Scyld + myrinet mpich-gm?

Sat Feb 3 21:15:58 PST 2001

I've gotten myself involved in bringing a small cluster up and
into production.  I'm learning as I go, with the help of the
archives of this mailing list.  Unfortunately the searchable
archives at Supercomputer.org seem to be off line (I get internal
server error), and out of date (the last messages seem to be from
around May 2000).

The current setup is one master with 100base-T to the world, gigabit
fiber to a 16-10/100 + 2-1000 switch, and 12 diskless slaves with
10/100 and myrinet interfaces.  The Scyld release of last Monday is
up and running, and I can bpsh to my heart's content.

I'm stuck at the point of trying to deploy MPI.  Scyld supplies mpi-beowulf
which does not appear to me to use bproc, and /usr/bin/mpirun and mpprun
which do.  I've built the mpich-gm from Myricom, but their mpirun command
does not grok bpsh, and expects either rsh or ssh daemons on each slave.

I've tried a number of approaches that start out looking like they might
work, but have gotten stuck after a few hours down each cowpath.

Here is a list of some of the snags (I've lost track of some others):

bpsh is not a full blown shell, doesn't deal well with redirection, changing
directory before running a command, and in particular it can't be swapped for
rsh or ssh when configuring mpich (ie -rsh=bpsh).

The master node is outside the myrinet, I haven't a clue how to get
it to cooperate with the slaves over ethernet yet have the slaves
use myrinet as much as possible.

I tried hacking on the first test in mpich-1.2..4/examples/test
(pt2pt/third) that you get when you do make testing or runtests -check.
Tried to get it to use /usr/bin/mpirun.  Had to get rid of -mvhome and
-mvback args first, then tried to use bpsh to start up the mpirun on
one node, hoping it could use GM to start up on the other slaves.
After creating the directory in /var where it could create shm_beostat,

Now I get truckloads of errors:
shmblk_open: Couldn't open shared memory file: /shm_beostat
shmblk_open failed.

I suppose these might be from the other nodes, expecting everyone is
sharing /var, but I'm leery of nfs mounting all of the master's /var
on each slave.

I tried applying the Scyld patches against the 1.2.0 mpich sources to
the 1.2..4 sources from Myricom, but most of them went into the mpid/ch_p4
directory, which is not built when --with-device=ch_gm is specified.

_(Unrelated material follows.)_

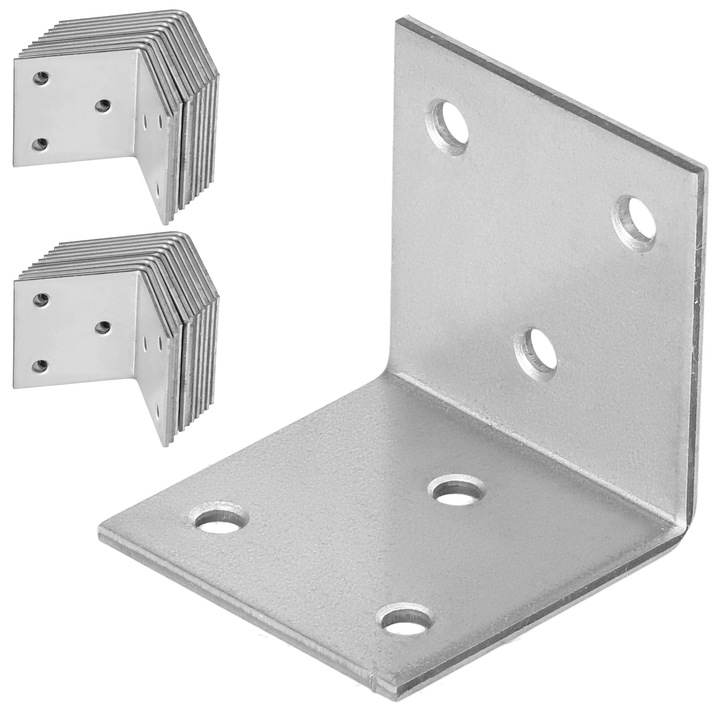 Szögletes Összekötő Asztalosmunkához, Kotarbau, 40x40x40 mm, 25 darab, horganyzott acél, ezüst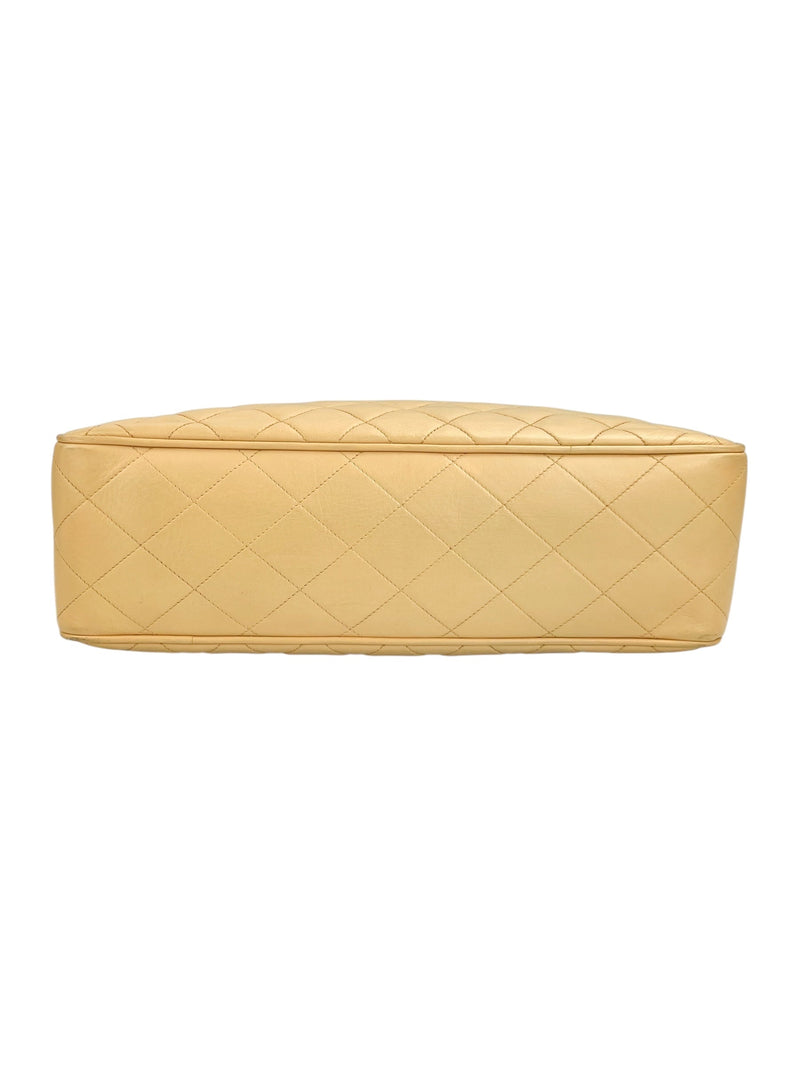 Chanel Beige Lambskin Vintage 24K Chain Tote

Then I thought I'd look into the mpprun sources, but I couldn't get
them to build even before I started hacking on them... decided to look
elsewhere for a while.

Tried getting sshd2 up and running on a slave node.  So far it insists
on asking for my password and won't accept it at all.

Has anyone got a working cluster anything like the one we're building?
What did you have to do differently to make the various packages and
drivers play nice with each other?  Where did I go wrong?

Thanks,

	-- ddj

	Dave Johnson
	ddj at cascv.brown.edu
	Brown University TCASCV